§ Problem:
The entries below contain pictures, which are to be left out; write out exactly, and only, the lines from the line with "Gráficos con los resultados del observatorio" up to and including the line with "请问一下主要玉米淀粉企业周开工率丨单位：%".

§ Exercise input:

[Start of section]

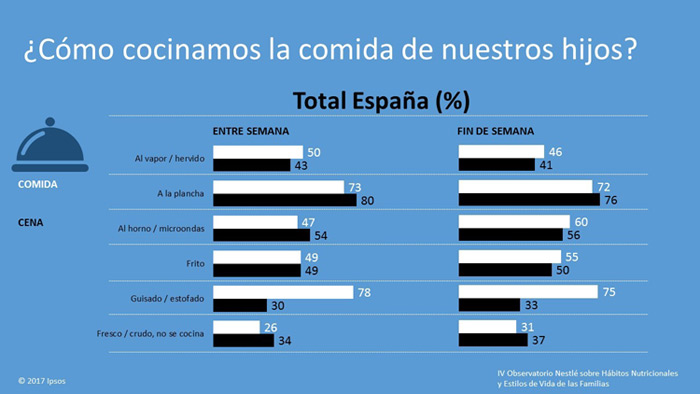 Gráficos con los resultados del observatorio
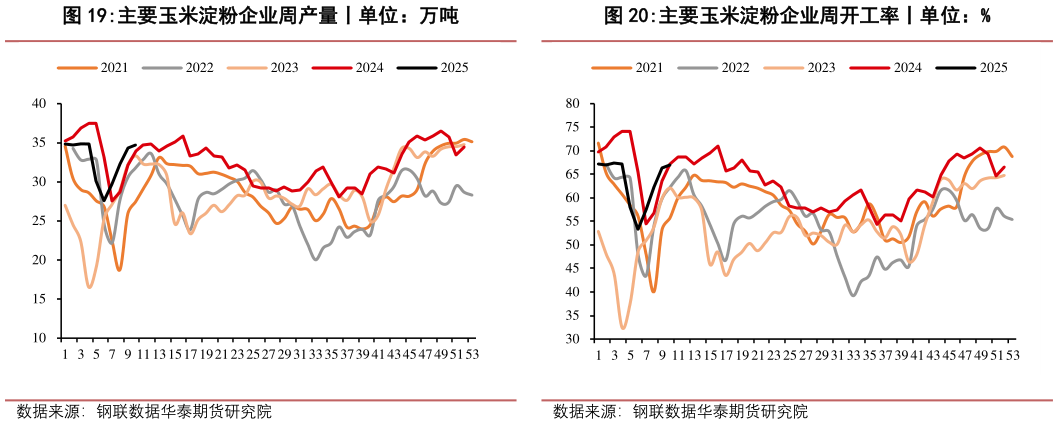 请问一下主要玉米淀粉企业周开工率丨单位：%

[End of section]
[Start of section]

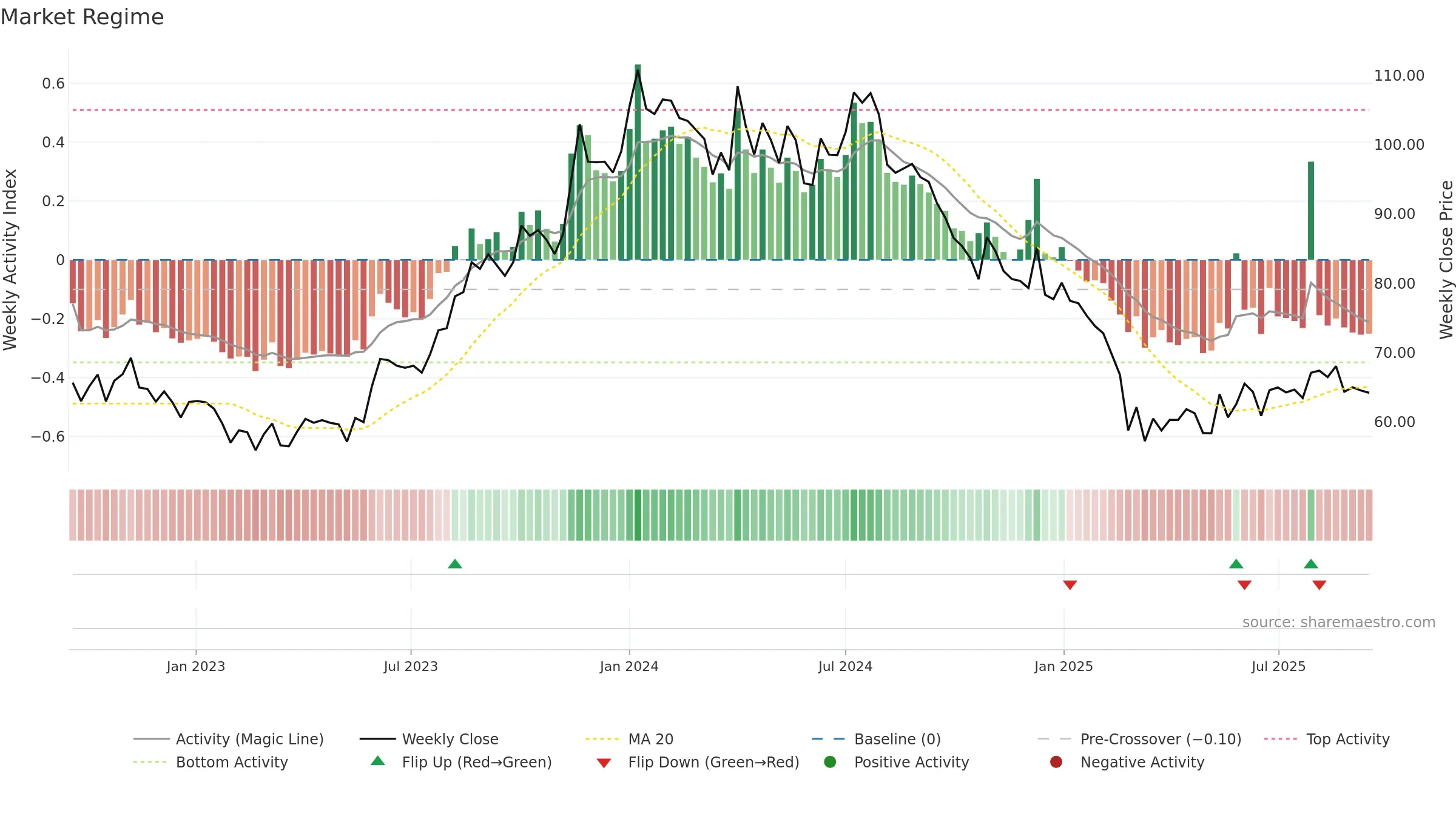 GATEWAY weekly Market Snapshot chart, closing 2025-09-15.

[End of section]

§ Exercise response:
 Gráficos con los resultados del observatorio
 请问一下主要玉米淀粉企业周开工率丨单位：%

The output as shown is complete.